La rilevazione mostra che nel 2024 i controlli in alcuni comparti hanno interessato meno dell’1 per cento dei soggetti. Nell’agricoltura solo lo 0,3 per cento È il caso dell’agricoltura che si ferma allo 0,3 per cento, dei servizi allo 0,6 per cento e delle famiglie come datori di lavoro domestico (0,5 per cento). Percentuali leggermente più alte si registrano nell’industria manifatturiera (2,3 per cento), nelle attività finanziarie e assicurative (2,5 per cento) e nella gestione di acqua e rifiuti (2,9 per cento). Restano invece intorno all’1,3 per cento i controlli sulla sanità e l’assistenza sociale, all’1,4 per cento per alloggi e ristorazione, all’1,6 per cento per agenzie di viaggio, noleggi e attività professionali e scientifiche; all’1,7 per cento per costruzioni, commercio e fornitura di energia elettrica.

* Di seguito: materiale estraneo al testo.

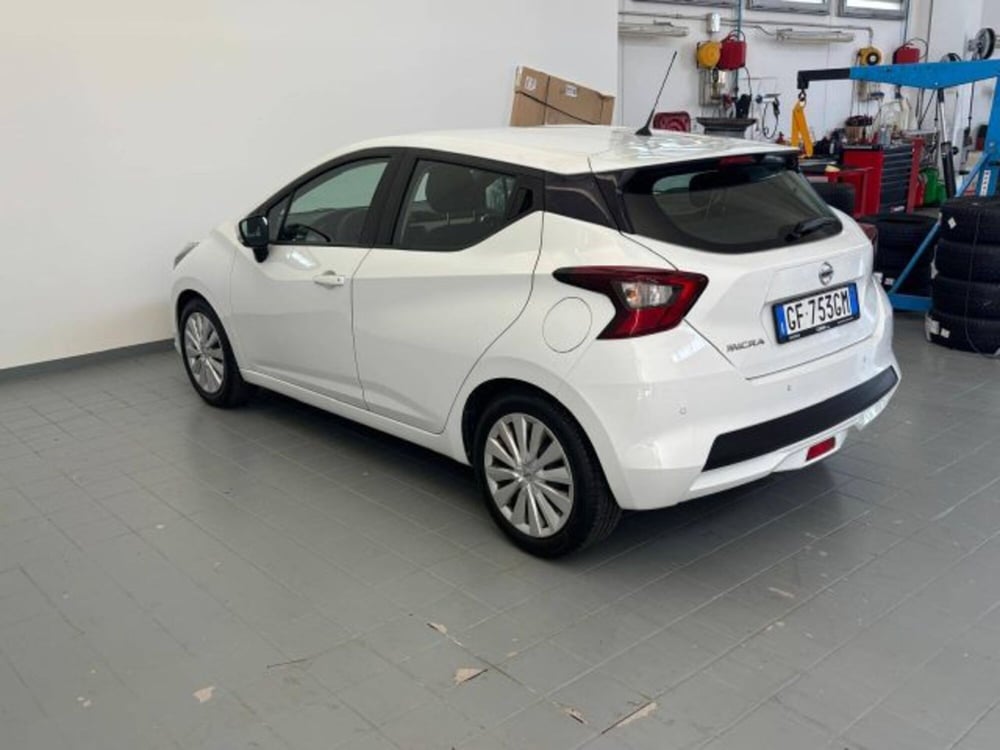 Nissan Micra usata a Teramo (6)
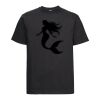 Russell Athletic Authentic Heavyweight T-Shirt Thumbnail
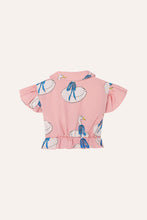 Load image into Gallery viewer, Swans Allover Blouse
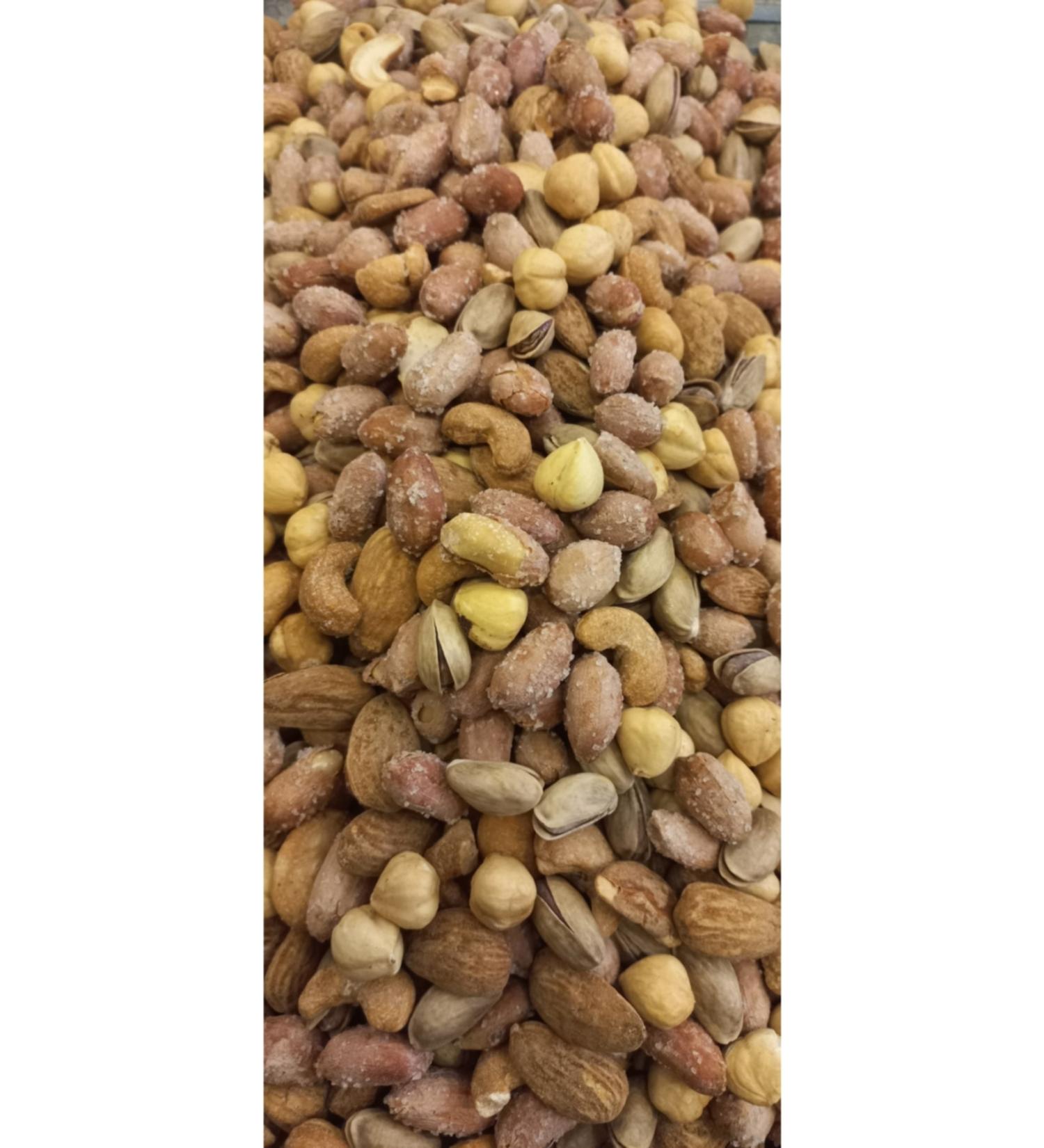 Doruk nuts Luxury Mixed Nuts 500 gr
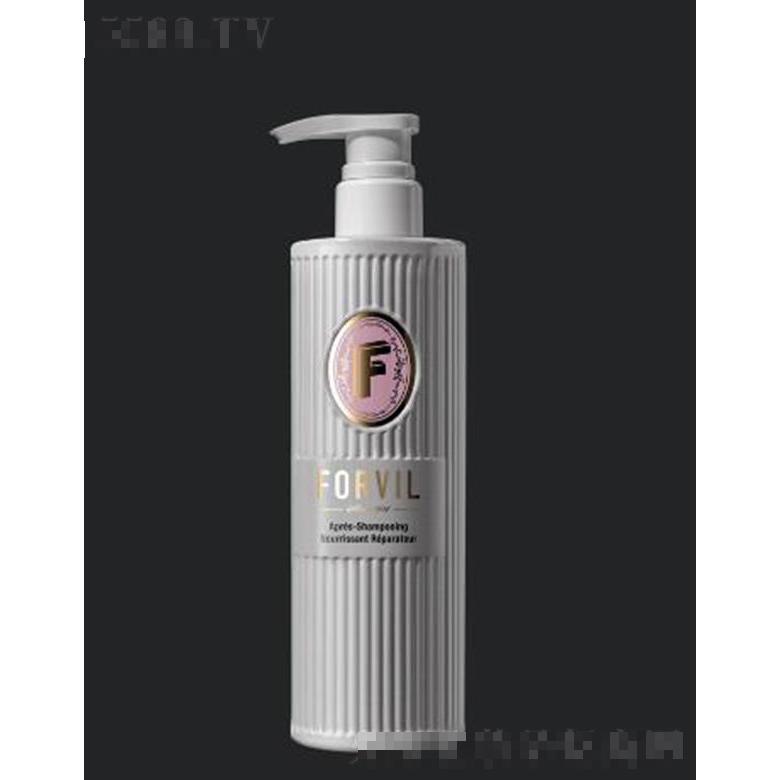 FORVIL溫莎森林滋養修護精華護發素 提高秀發柔韌狀態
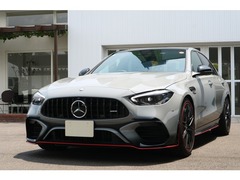 メルセデスAMG Cクラス セダン の中古車 C63S　Eパフォ-マンス　F1エディション限定 岐阜県羽島郡岐南町 1430.0万円
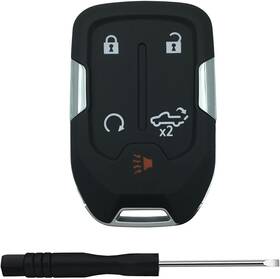Talkmoon 445001868892 Replacement Keyless Entry Remote Key Fob Shell Case For 2022 2021 2020 2019 Chev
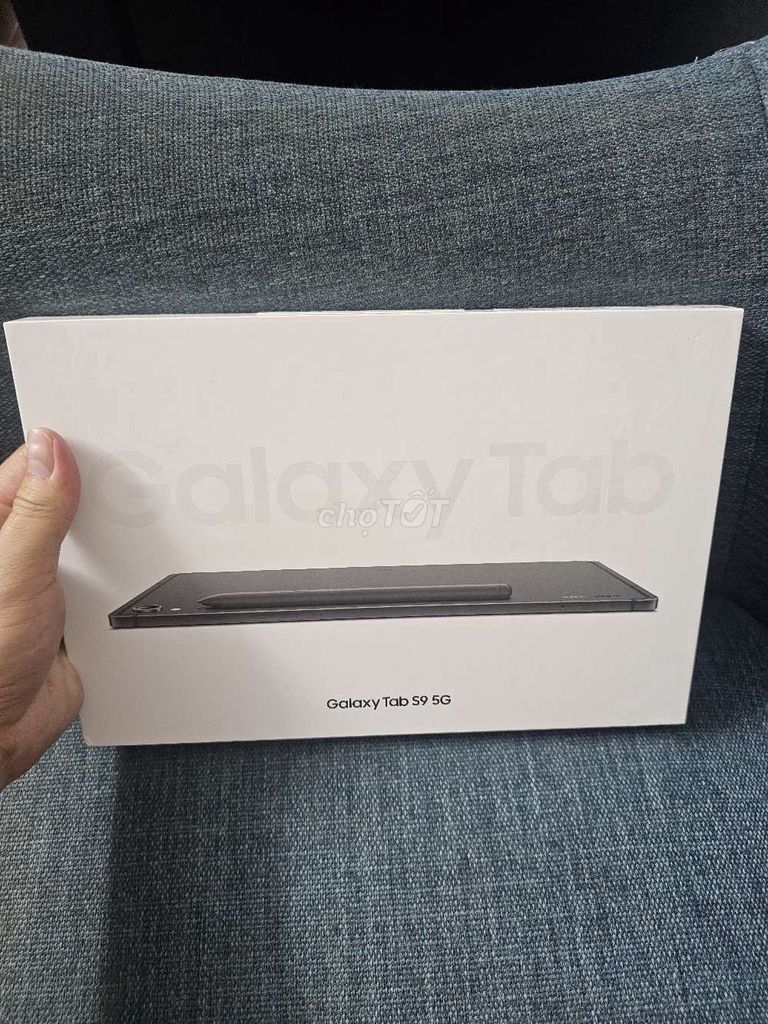 Samsung tab s9 5g 8/128gb new ssvn. Mua bán Máy tính bảng tại Quận Tân Bình Tp Hồ Chí Minh được đăng bởi Sơn hình 1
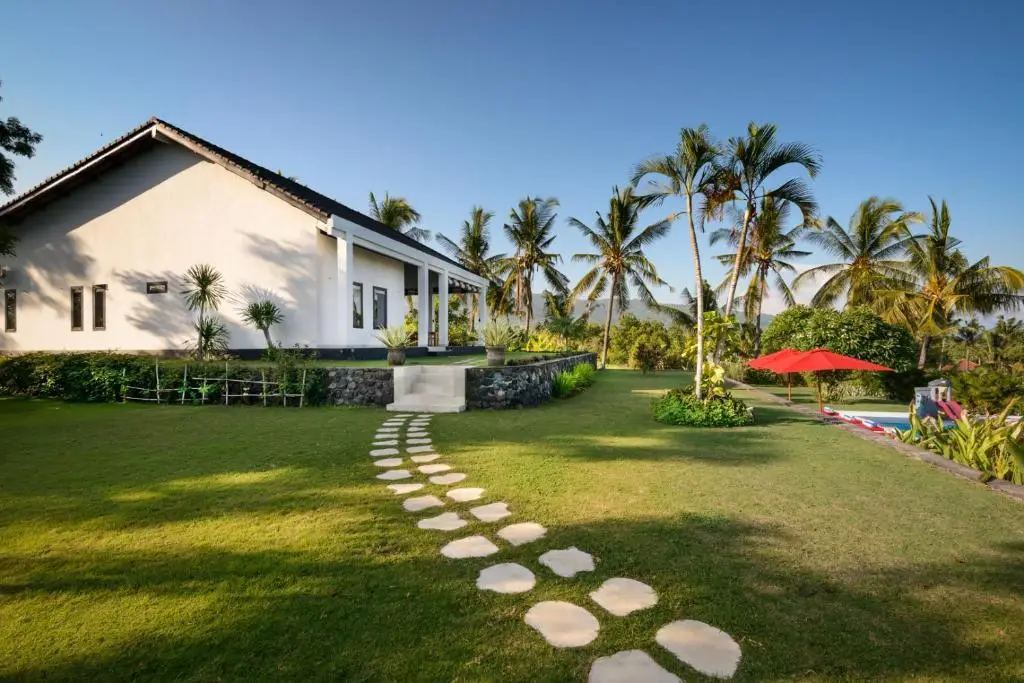 Сукасада: Sea View Villa Bloom Bali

Un focus specifico riguarda i contribuenti soggetti agli indici sintetici di affidabilità, in gran parte piccole e medie imprese. L’analisi prende in esame dieci attività a maggiore concentrazione di soggetti. Qui emerge una frequenza di controlli ancora più ridotta: circa uno ogni 20 contribuenti nelle costruzioni o nel commercio intermedio e uno ogni 50 per studi medici, laboratori di analisi, installatori di impianti e agenzie immobiliari. Una scarsa incidenza che va letta anche alla luce delle definizioni agevolate previste dal sistema.
Nel bilancio emerge anche il capitolo delle indagini finanziarie, cioè i controlli che includono l’analisi di conti correnti e investimenti. Nel 2024 sono state autorizzate 4.558 verifiche, in crescita rispetto alle 3.540 del 2023. Queste hanno portato a un aumento delle imposte accertate, passate da 176 a 248 milioni di euro. Tuttavia, l’incremento non si è tradotto in maggiore gettito effettivamente riscosso: dagli incassi di 13,2 milioni del 2023 si è scesi a 5,1 milioni nel 2024, con un calo del 61,4 per cento.